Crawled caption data
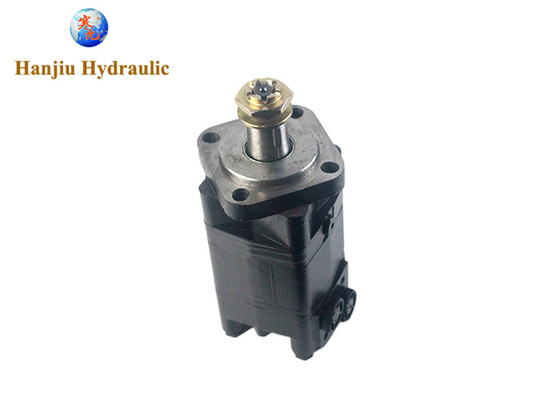 Engine Danfoss Oms 315 Hydraulic Motor Replacement 880-1000nm With 20-26mpa Max Pressure Drop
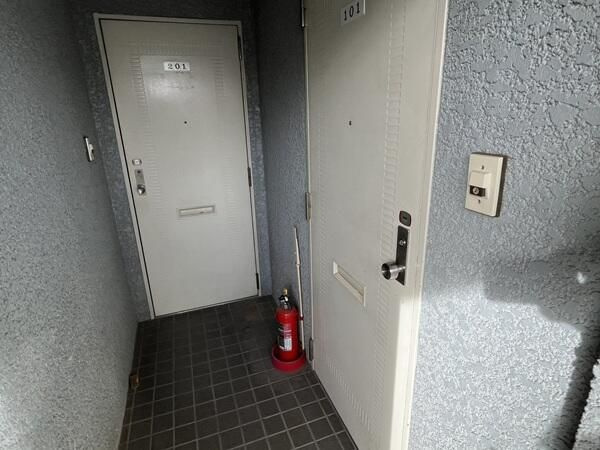 上田ハイムのその他共用部分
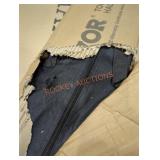 Vevor back draft banner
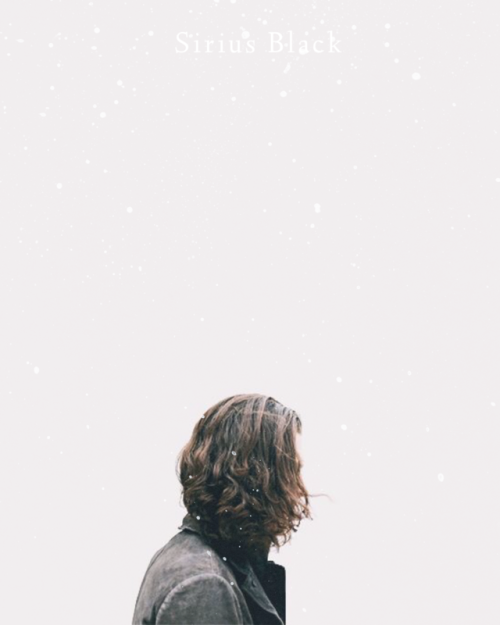 Edit // Harry PotterSirius BlackRequested by anon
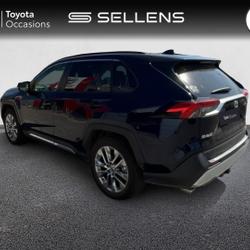 Toyota RAV4 2.5 Hybride 218ch Lounge 2WD MY24 Fr&eacute;jus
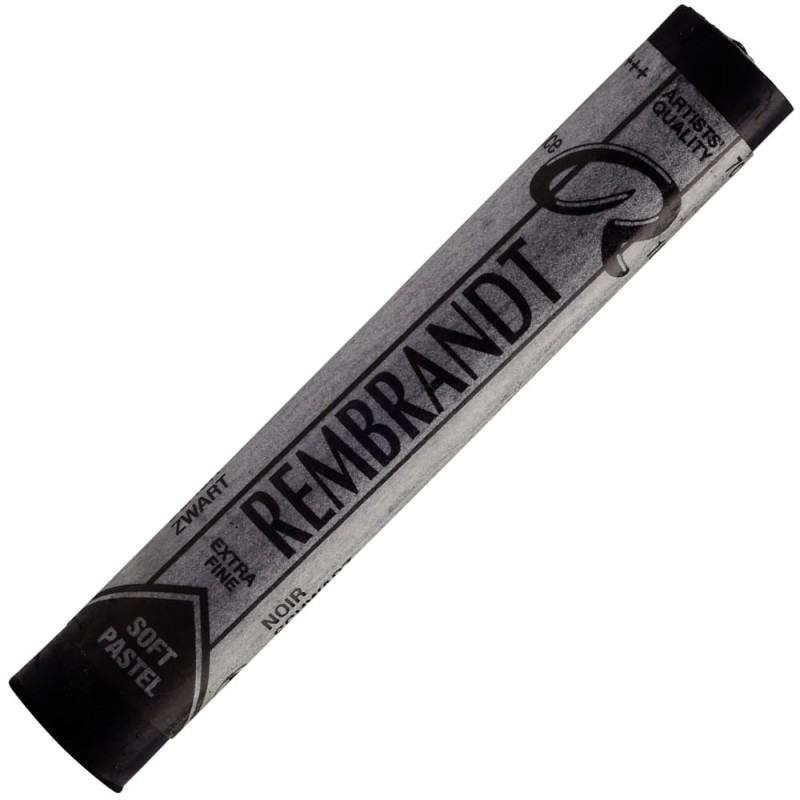 Pastela sucha Rembrandt Talens - 700,5 Black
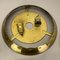 Brass Ceiling Light by Gio Ponti, 1950 12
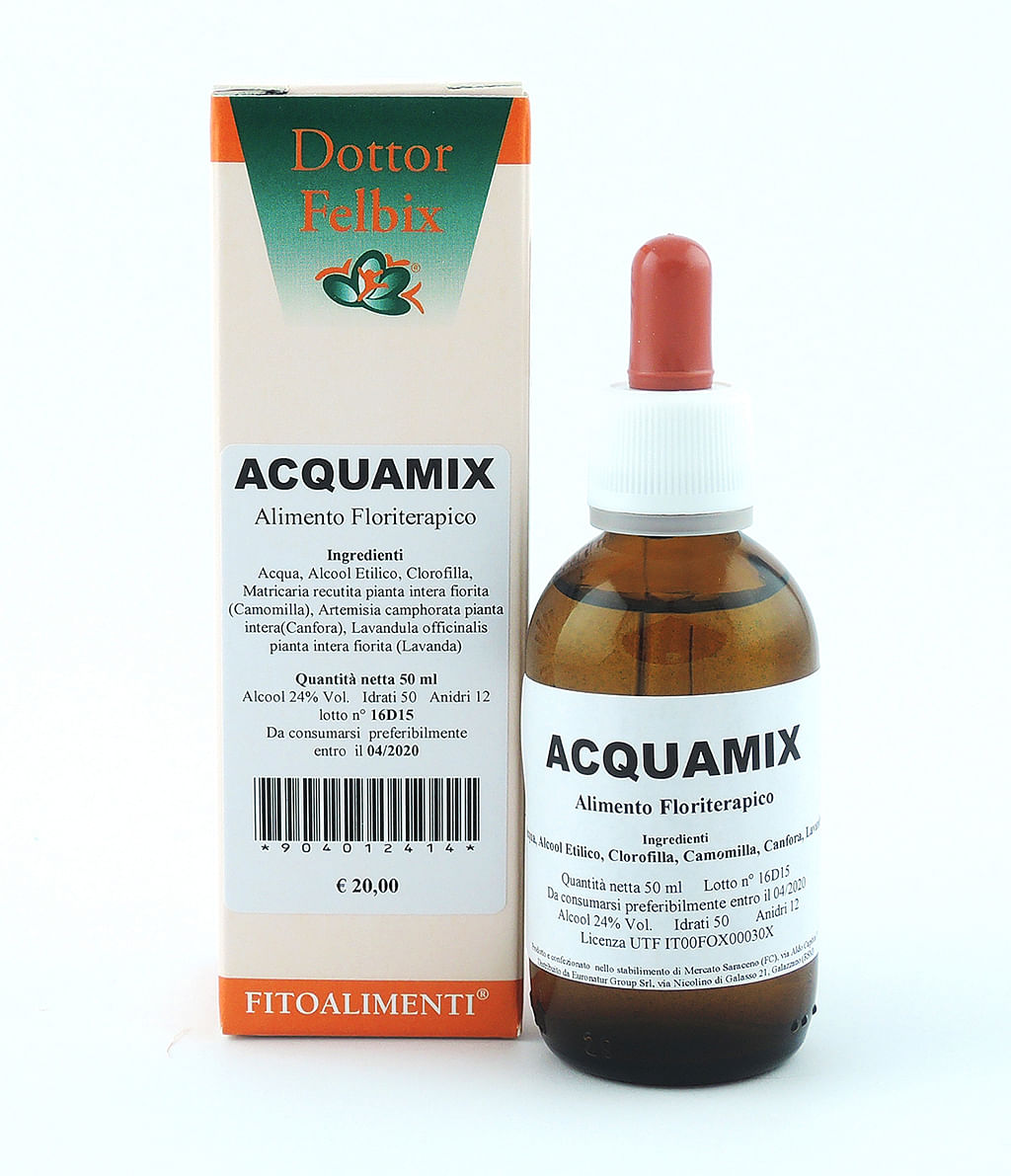 Acquamix Gocce 50 Ml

**EXERCISE DETAILS**
Your answer must be an exact copy of the entries above, with no pictures in it.

**TASK ANSWER**
 Engine Danfoss Oms 315 Hydraulic Motor Replacement 880-1000nm With 20-26mpa Max Pressure Drop
 上田ハイムのその他共用部分
 Vevor back draft banner
 Edit // Harry PotterSirius BlackRequested by anon
 Toyota RAV4 2.5 Hybride 218ch Lounge 2WD MY24 Fr&eacute;jus
 Pastela sucha Rembrandt Talens - 700,5 Black
 Brass Ceiling Light by Gio Ponti, 1950 12
 Acquamix Gocce 50 Ml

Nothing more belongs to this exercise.